Pembagian al-‘Ashabah. Al-‘Ashabah itu ada tiga jenis: 


1) ‘Ashib bi Nafsihi (‘Ashabah dengan sendirinya)

Ia adalah Bapak dan Kakek ke atas, Anak laki-laki dan anak laki-laki dari anak laki-laki ke bawah, saudara kandung atau saudara sebapak, anak laki-laki dari saudara kandung atau anak laki-laki dari saudara sebapak ke bawah, paman kandung dari pihak bapak atau paman sebapak dari pihak bapak, anak laki-laki dari paman kandung atau anak laki-laki dari paman sebapak dari pihak bapak ke bawah, al-Mu’tiq (orang yang memerdekakan) baik laki-laki maupun perempuan, ‘Ashabah dari al-Mu’tiq yang menjadi ‘Ashabah bi Anfusihim (dengan sendirinya), dan Baitul Mal. 


2) ‘Ashib bi Ghairihi (‘Ashabah dengan Selainnya)

Ia adalah semua perempuan yang dijadikan ‘Ashabah oleh laki-laki, sehingga perempuan tersebut mewarisi bersama yang laki-laki dengan kadar laki-laki mendapatkan dua bagian perempuan.
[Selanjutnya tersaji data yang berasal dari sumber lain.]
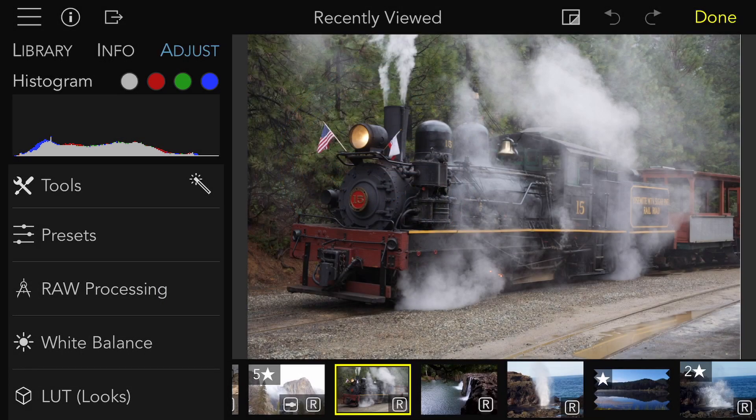A new feature in Raw Power 3 is the LUT adjustment. LUT stands for a lookup table, which is a technical term for a large table of numbers that describes how to convert every possible color in an image.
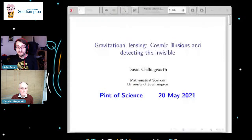First up tonight we have David Chillingworth, who is a retired senior lecturer from the School of Mathematical Sciences at the University of Southampton. He's interested in geometrical and topological ideas, and he's going to be applying those to gravitational lensing, cosmic illusions, and detecting the invisible. Take it away, David.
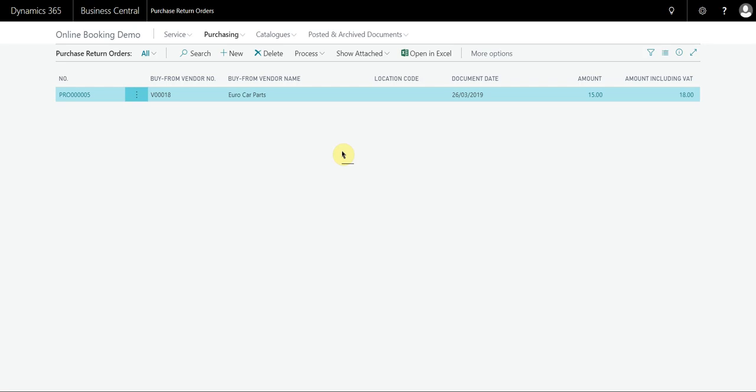So again this doesn't cover the scenario where you're trying to combine multiple return orders to a single invoice. There is a video on that and I'll put that in the description of this video. If you've got any questions please let me know, thank you.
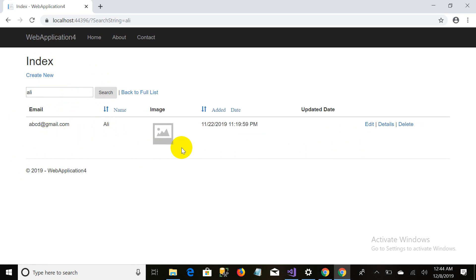When I write Ali you can see there is no Ali in this record, so it will not display this record. It will show another record. I can search with respect to the ideas. Let's just search by these. As you can see, as expected.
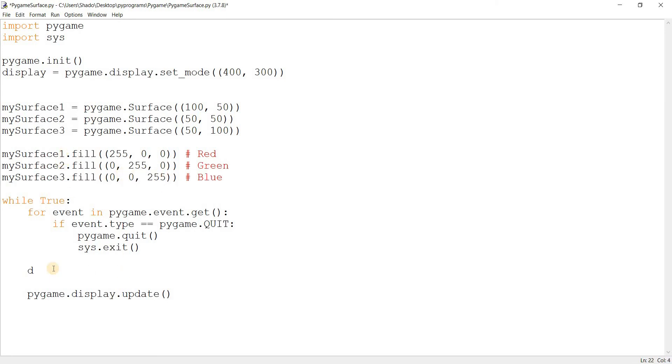Let me change that to mySurface1, mySurface2, mySurface3. What we need to do down here now is actually draw them: display.blit.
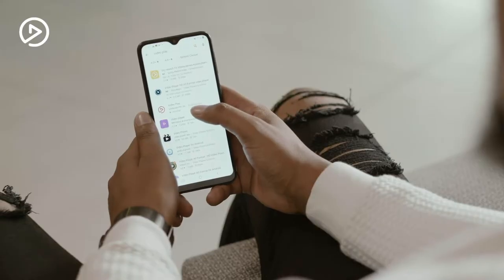You may have heard of the new name in streaming called VideoPlay. In this video, I'm going to show you how you can register for VideoPlay so you can start streaming.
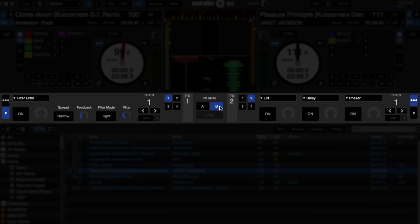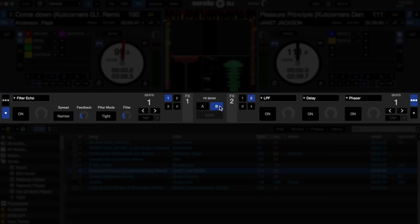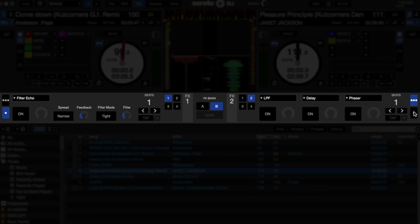For effects bank B, I'm going to have a single effect for effect slot number one, and the same thing for effect slot number two. And now when I press save, it'll ask me which bank I want to save it to, and I'll save it to bank B. So that's favorite effects banks inside of Serato DJ 1.9.6.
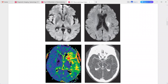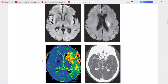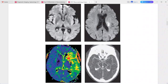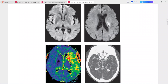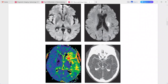Mean transit time mapping using dynamic susceptibility contrast perfusion reveals a region of prolonged transit time, with relative hypoperfusion much larger than the DWI abnormality — demonstrating a perfusion-diffusion mismatch.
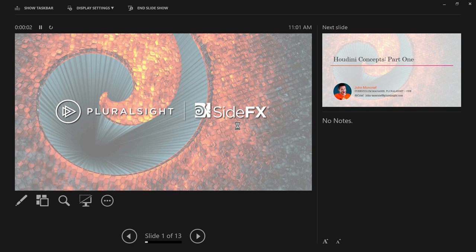Welcome to Houdini Training Day at SIGGRAPH 2016. How many people here are familiar with Houdini and the interface? How many are new to Houdini completely? Awesome! This is going to be great. I just want to kind of outline what's going to happen verbally first.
Mereka adalah saudari kandung perempuan dengan saudara kandung laki-lakinya, saudari perempuan sebapak bersama saudara laki-laki sebapak, anak perempuan bersama saudara laki-lakinya, anak perempuan dari anak laki-laki bersama saudara laki-lakinya atau bersama anak laki-laki dari anak laki-laki jikalau tidak ada yang mendapatkan Furudh. Jikalau ada yang mendapatkan Furudh bersamanya, maka anak laki-laki dari anak laki-laki yang berada di bawahnya tidak membuatnya menjadi ‘Ashabah. Misalnya, seorang laki-laki meninggal, kemudian meninggalkan seorang anak perempuan, anak perempuan dari anak laki-laki, cicit laki-laki (cucu laki-laki dari anak laki-laki). Maka, anak perempuan mendapatkan setengah, anak perempuan dari anak laki-laki mendapatkan seperenam untuk menyempurnakan dua pertiga, kemudian sisanya adalah untuk cicit sebagai ‘Ashabah. 
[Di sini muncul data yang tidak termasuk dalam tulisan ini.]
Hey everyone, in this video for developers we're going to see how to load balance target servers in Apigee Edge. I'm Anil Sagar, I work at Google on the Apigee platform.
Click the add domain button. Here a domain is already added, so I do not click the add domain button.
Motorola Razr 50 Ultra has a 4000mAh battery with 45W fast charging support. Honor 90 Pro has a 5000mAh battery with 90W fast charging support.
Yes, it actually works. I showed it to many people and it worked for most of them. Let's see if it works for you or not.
Atau ia meninggalkan anak perempuan dari anak laki-laki, cicit laki-laki (cucu laki-laki dari anak laki-laki). Maka, anak perempuan dari anak laki-laki mendapatkan setengah secara Furudh, kemudian setengah sisanya untuk cicit laki-laki (cucu laki-laki dari anak laki-laki) sebagai ‘Ashabah. 

Atau ia meninggalkan dua anak perempuan dari anak laki-laki, dan cicit laki-laki (cucu laki-laki dari anak laki-laki).Maka, dua anak perempuan dari anak laki-laki mendapatkan dua pertiga secara Furudh, dan cicit laki-laki (cucu laki-laki dari anak laki-laki) mendapatkan sisanya sebagai ‘Ashabah. 

Semua ini berlaku jikalau anak perempuan dari anak laki-laki, derajatnya sama dengan cicit laki-laki (cucu laki-laki dari anak laki-laki), atau derajatnya lebih tinggi. Sedangkan jikalau derajatnya lebih rendah satu derajat atau lebih, maka ia menghijabnya dengan hijab Isqath (menggugurkan), sehingga ia tidak mendapatkan warisan sama sekali. 


3) ‘Ashib Ma’a Ghairi (‘Ashabah bersama yang lainnya)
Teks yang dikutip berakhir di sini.